Road Marking Training Case Tutorial
Steps
1.Prepare Data
1) Classification
Open the .LiData format point cloud file, and first click the Deep Learning Classification button on the Classification page.
Use the GV_Road_MLS model to classify the point cloud.
2) Generate Intensity Map
For a detailed introduction to this function, refer to Generate Intensity Map.
On the toolbox page, select Map Elements -> Generate Intensity Map.
Double-click to open
Select ground points on the left source category, set the save path, set the resolution to 0.02m, and click the Generate button.
3) Repeat the above steps to generate intensity maps for multiple point clouds, as shown below.
2.Annotate Data
1) Determine Annotation Categories
First, determine the types of road signs to be processed. Here, Straight and Straight Right signs are used as examples.
2)Start Annotation
Use the Labeling Tool to annotate the data.
Click the Start Labeling button to open the annotation function, then click the Open Dir button to open the prepared image data.
Click the Create Rectangle button to mark the key points of the sign in the image. These key points must be arranged counterclockwise, and each category should have the same number of key points, with the start and end points consistent, as shown below:
After marking the Straight and Straight Right Turn signs in all prepared images, the resulting data should look like this. (Ensure each type of sign has at least three annotations)
3.Training
1) Click Raster -> Train Image Deep Learning Model. Since this task involves road sign extraction, select the GVRoadMarking model for semantic segmentation.
2) Click Next, and choose Automatically split training and validation datasets.
3) Click the Add button to add the annotated data folder from step 3, then click Next.
4) Set the parameters according to Train Image Deep Learning Model. In this example, select GPU, set batch size to 4, and train for 1000 epochs.

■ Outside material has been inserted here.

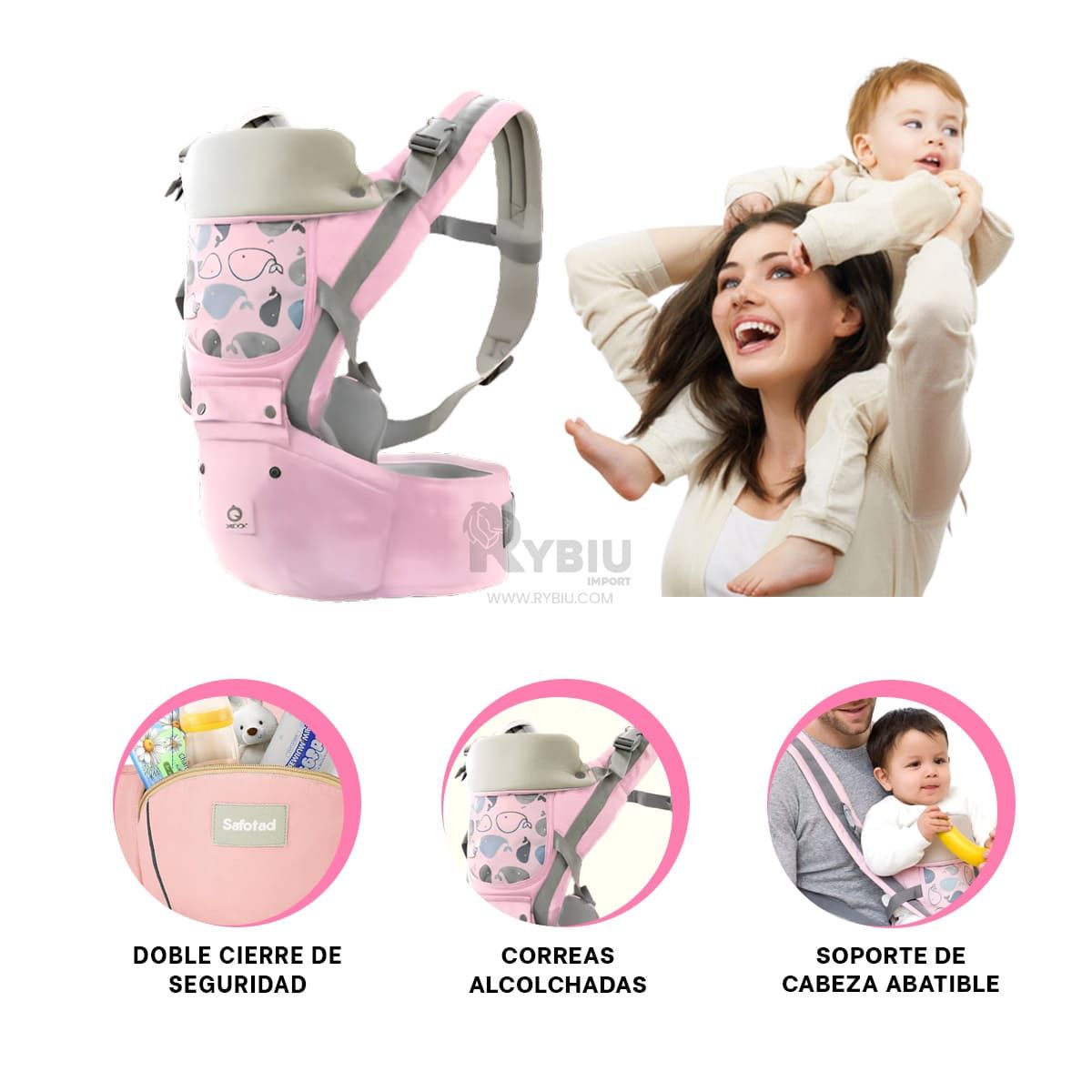 GENERICO - Mochila Innovadora para Bebes Rosado Y+Gift MiniAgenda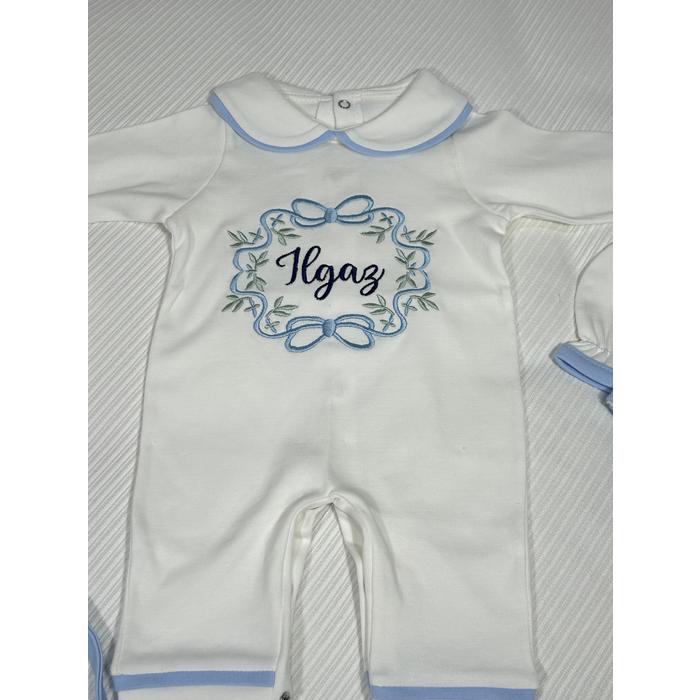 Beyaz - mavi biyeli tulum takım 3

5) Click Next and then Start to begin training. This process takes a while and includes two stages. After the first progress bar reaches 100%, the second progress bar will start. Once training is complete, the result will look like this.
Training First Stage:
Training Second Stage:
6) The loss curve has stabilized, indicating that the model has converged.
Loss Curve:
mAP50 Curve:
4.Inference
1) Click Raster -> Detect or Segment Object with Trained Model to open the inference interface. Select the image data and model trained in the previous step for inference.

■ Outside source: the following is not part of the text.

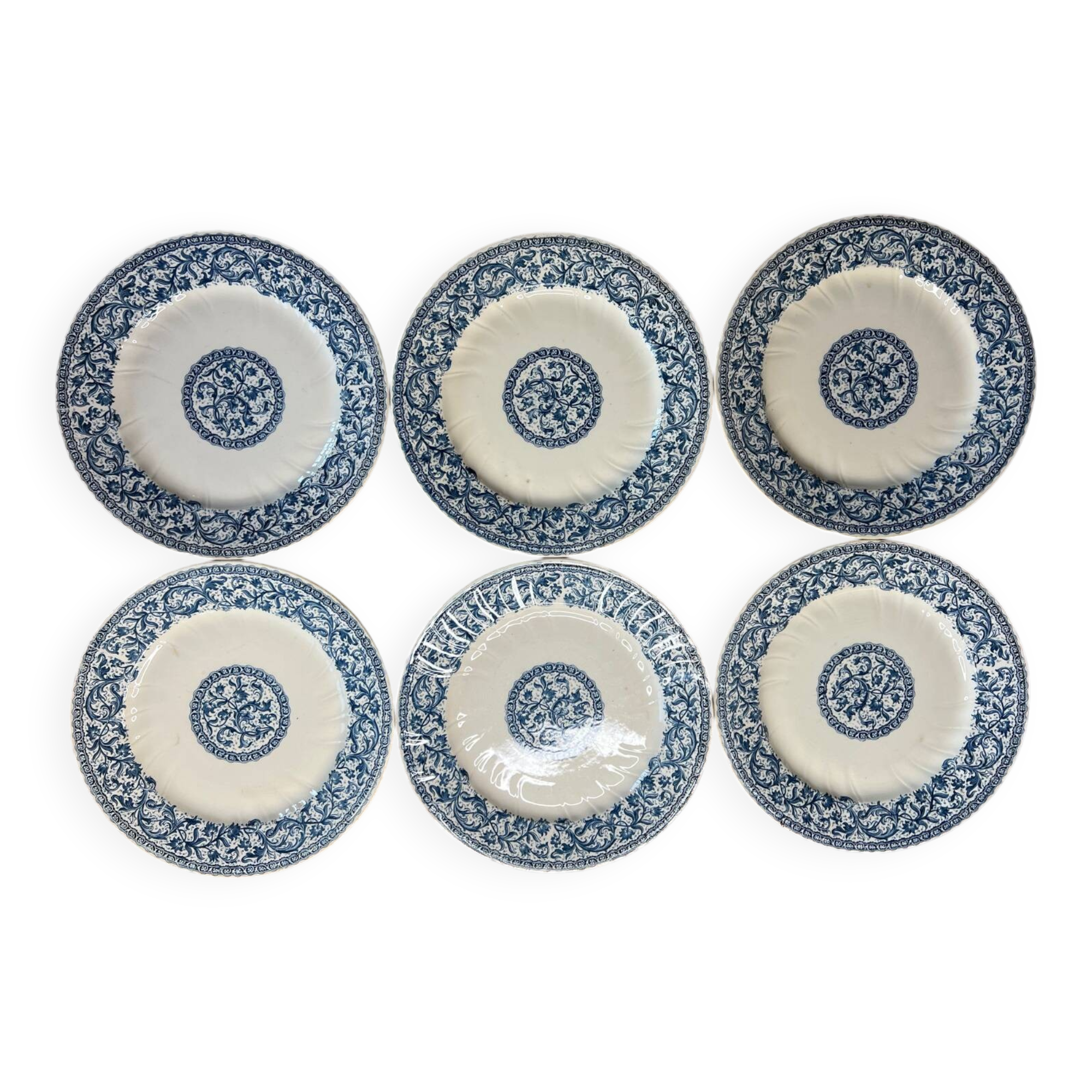 6 flat plates Gien garlands, 1937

2) Click GPU to set whether to use GPU or CPU for inference.
3) Set the batch size according to the GPU memory size, refer to Detect or Segment Target with Trained Model.
4) Click Next to go to the inference page.
5) Click Start to begin inference. You can also click the stop button to interrupt inference.
Once inference is complete, you can find the results in the inference directory under the same level as the data.
6)View Inference Results in the Annotation Tool
Open the inference folder, copy the latest inference file to the same directory as the images, then click Raster -> Start Labeling -> Open Dir, and select the inference folder to open and view.
7)Reproject to Point Cloud
For a detailed introduction to this function, refer to Road Vector.
Click the Road Vector button under deep learning extraction in the Map Elements page, and select Custom mode.
Click the browse button for the Json parameter, and select the Json file obtained from inference. Click the browse button behind the intensity map, and select the intensity map path.
Select the class to project to the point cloud, such as ground points.
Project the extracted vectors onto the point cloud.